I've not read Watching The English, and so perhaps it doesn't fall into the genre that I suspect it does, although any synchronic study risks doing so, because of the way time-slices ignore what has come before. Here, the sort of thing I'm thinking of is typified by what I remember of Bill Bryson's Notes From A Small Island, which I recall as being a artfully cobbled together collection of exercises in triple-distilled Daily Mail issue nostalgia, full of the glories of its common sense. As I've said before, this sort of thing, of which I'm sure Bryson's book is not the only example, naturalises existing social heirarchies, obliterates difference and opposition, gilds chains with flowers. It performs what I take to be the classic Orientalising maneouvre, and takes what it discusses out of history, placing a specific set of social relations, which redound to the advantage of those who occupy particular places in that structure, in statis, beyond the reach of change and so critique.
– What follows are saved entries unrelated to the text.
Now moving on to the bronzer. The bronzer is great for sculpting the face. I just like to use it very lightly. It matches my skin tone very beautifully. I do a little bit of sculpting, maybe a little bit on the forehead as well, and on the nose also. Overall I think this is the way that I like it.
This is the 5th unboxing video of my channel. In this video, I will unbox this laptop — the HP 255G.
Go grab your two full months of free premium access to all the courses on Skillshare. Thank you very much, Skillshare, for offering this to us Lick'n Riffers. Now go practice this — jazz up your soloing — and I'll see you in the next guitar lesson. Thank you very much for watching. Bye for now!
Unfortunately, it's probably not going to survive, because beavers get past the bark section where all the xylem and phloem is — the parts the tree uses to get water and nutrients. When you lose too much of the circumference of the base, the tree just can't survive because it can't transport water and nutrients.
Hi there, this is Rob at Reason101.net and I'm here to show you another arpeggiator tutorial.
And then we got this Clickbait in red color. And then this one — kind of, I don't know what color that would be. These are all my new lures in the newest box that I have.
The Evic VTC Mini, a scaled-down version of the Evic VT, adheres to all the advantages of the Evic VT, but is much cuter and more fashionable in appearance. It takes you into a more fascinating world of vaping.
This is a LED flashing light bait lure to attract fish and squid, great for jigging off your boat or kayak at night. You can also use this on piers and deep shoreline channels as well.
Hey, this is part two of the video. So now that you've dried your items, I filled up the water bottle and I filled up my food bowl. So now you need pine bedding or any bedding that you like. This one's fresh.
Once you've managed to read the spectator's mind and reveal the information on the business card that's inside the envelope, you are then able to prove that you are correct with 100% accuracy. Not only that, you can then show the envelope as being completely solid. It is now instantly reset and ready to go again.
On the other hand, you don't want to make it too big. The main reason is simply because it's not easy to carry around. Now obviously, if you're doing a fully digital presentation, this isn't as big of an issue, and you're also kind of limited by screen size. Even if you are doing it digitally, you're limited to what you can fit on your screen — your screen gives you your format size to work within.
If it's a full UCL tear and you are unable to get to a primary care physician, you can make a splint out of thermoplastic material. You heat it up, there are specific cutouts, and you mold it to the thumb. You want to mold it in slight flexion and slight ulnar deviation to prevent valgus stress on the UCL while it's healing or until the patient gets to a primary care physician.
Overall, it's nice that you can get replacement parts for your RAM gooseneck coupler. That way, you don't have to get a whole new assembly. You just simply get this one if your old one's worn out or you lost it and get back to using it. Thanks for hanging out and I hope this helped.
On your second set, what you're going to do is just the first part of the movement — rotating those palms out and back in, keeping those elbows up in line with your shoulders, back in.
It turns those who fall victim to it into patients, incapable of ruling themselves, trapped by their preordained and inescapable role. Unsurprisingly, I don't really like that kind of thing.
In a way, it's present in the attitude that the Labour Party has adopted to the power of the right-wing press in the UK whilst it has been in government. The attitude, notoriously, has been that there is nothing to be done about it, that the political centre-ground is where it is, cannot be moved, and must instead be placated. Achievement of traditional Labour objectives, if they're to be sought at all, is to be done stealthily, so that neither Murdoch nor the Daily Mail notice. Those who read those papers are turned into cultural dupes, and the formidable political resources Labour had at its disposal when it came to power in 1997 - a broken opposition, leaders unburdened by the mistakes and mishaps inevitably associated with a period in government, and not least a period of persistent economic growth - denied. Existing social relations are reified, and the power of particular actors - so obviously central to the long-term political success of Thatcherism - ignored. That failure to even seriously attempt to shift the terms of the political debate, as Chris says in comments here, is 'the great, great failure of the Labour government'.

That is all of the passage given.